Enter: The Conquering Chicken is the second and final studio album by the American punk rock band the Gits, released on March 17, 1994, through C/Z Records. It was reissued on June 17, 2003, through Broken Rekids with bonus tracks and different cover art, followed by a second reissue, remastered by Jack Endino, on January 31, 2025, through Sub Pop.

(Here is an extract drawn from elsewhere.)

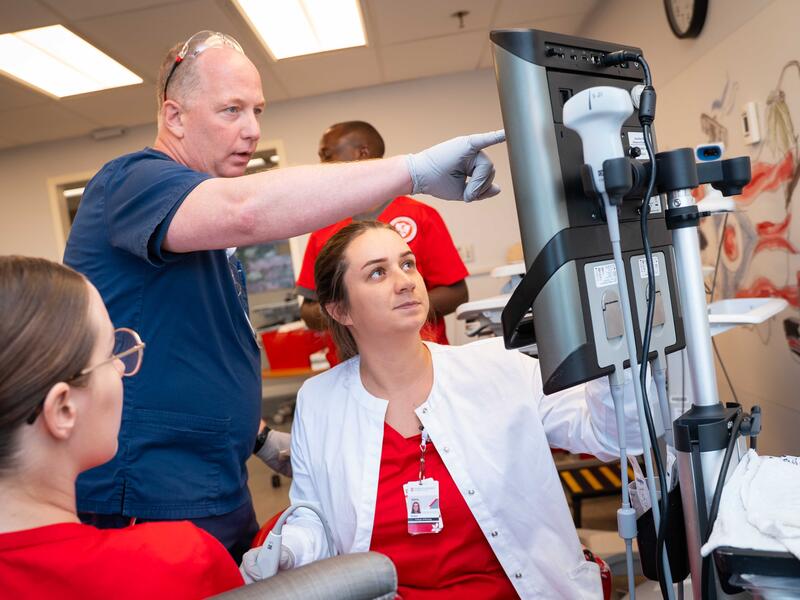 clinical instructor with nursing students points to monitor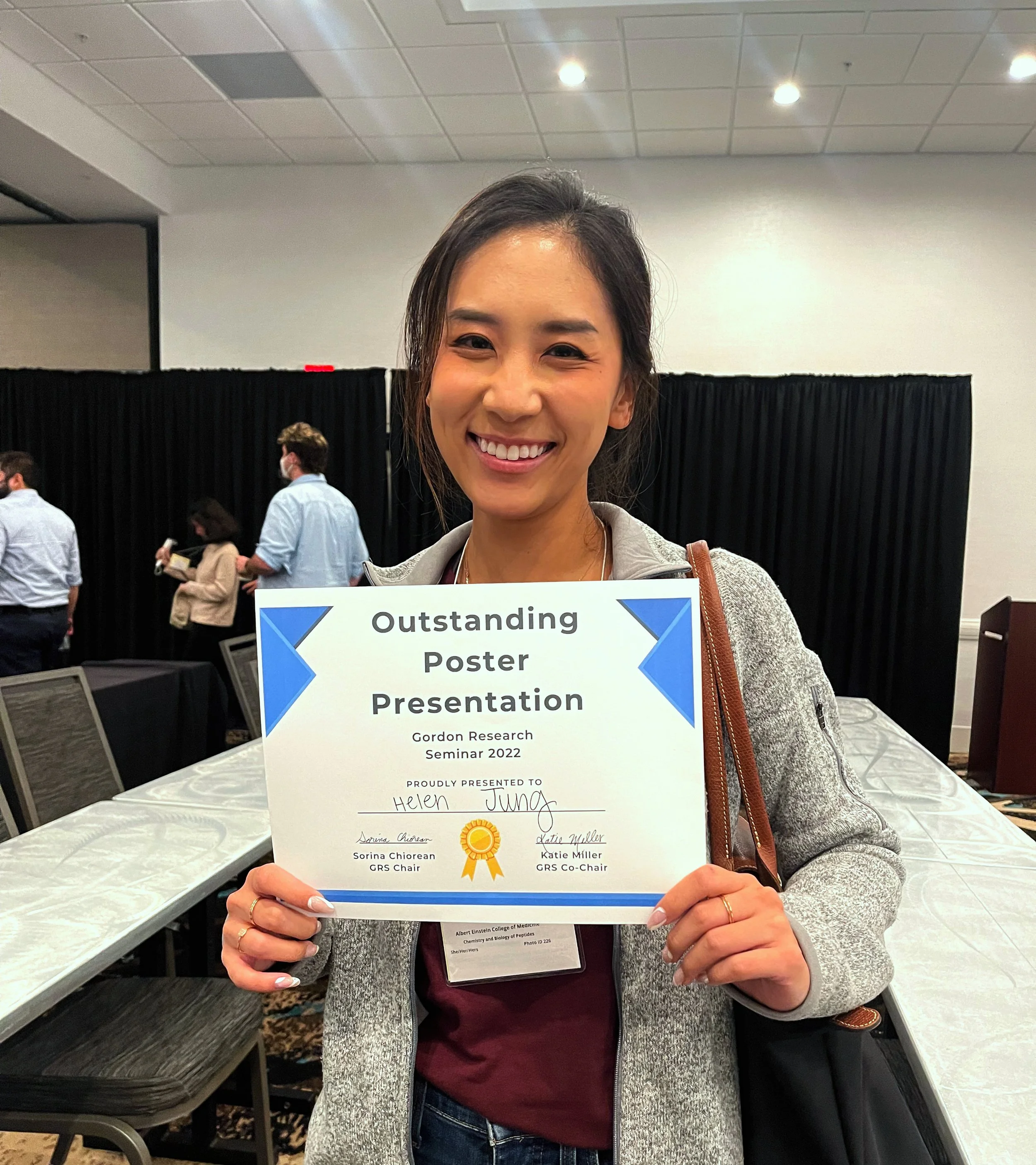 Helen holding up an award for outstanding poster presentation at the Gordon Research Seminar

This was the final album to feature lead vocalist and lyricist Mia Zapata, who was raped and murdered on July 7, 1993, less than four weeks after the band had accepted an offer to be signed to Atlantic Records and shortly before production on the album was completed. The surviving members of the band finished the album with what they had recorded up to that point and subsequently disbanded.

==Reception==

Enter: The Conquering Chicken shows Mia Zapata pushing the blues influences that informed her vocal style to the forefront more directly than on Frenching the Bully, with songs like "A Change Is Gonna Come" (a recontextualized cover of Sam Cooke's original) and "Precious Blood." The band also arguably furthers their hardcore influences on songs like "Sign of the Crab," "Spear & Magic Helmet" and "Drunks."

Professional ratings
Review scores
| Source | Rating |
| AllMusic | Star |

==Track listing==
1. "Bob (Cousin O.)" – 3:04
2. "Guilt Within Your Head" – 2:26
3. "Seaweed" – 2:23
4. "A Change Is Gonna Come" – 4:03
5. "Precious Blood" – 3:46
6. "Beauty of the Rose" – 2:36
7. "Drunks" – 1:37
8. "Italian Song" – 2:07
9. "Social Love I" – 2:39
10. "Social Love II" – 1:51
11. "Spear & Magic Helmet" – 2:43
12. "Drinking Song" – 2:55
13. "Sign of the Crab" – 2:33

===Reissue track listing===
1. "Bob (Cousin O.)" – 3:03
2. "Guilt Within Your Head" – 2:25
3. "Seaweed" – 2:25
4. "A Change Is Gonna Come" – 4:02
5. "Precious Blood" – 3:45
6. "Beauty of the Rose" – 2:36
7. "Drunks" – 1:37
8. "Italian Song" – 2:07
9. "Social Love I" – 2:39
10. "Social Love II" – 1:50
11. "Daily Bread" – 4:33
12. "Sign of the Crab" – 2:34
13. "Drinking Song" – 2:55
14. "I'm Lou" – 1:55
15. "New Fast One" – 2:00
16. "Sign of the Crab" (Live) – 2:46
17. "Seaweed" (Live) – 2:29
18. "Beauty of the Rose" (Live) – 2:44
19. "Whirlwind" (Live) – 2:59
20. "New Fast One" (Live) – 2:01
21. "Bob (Cousin O.)" (Live) – 3:07
22. "A Change Is Gonna Come" (Alternate Take) – 4:13
- Live tracks recorded at the X-Ray Cafe, Portland, Oregon, in June 1993.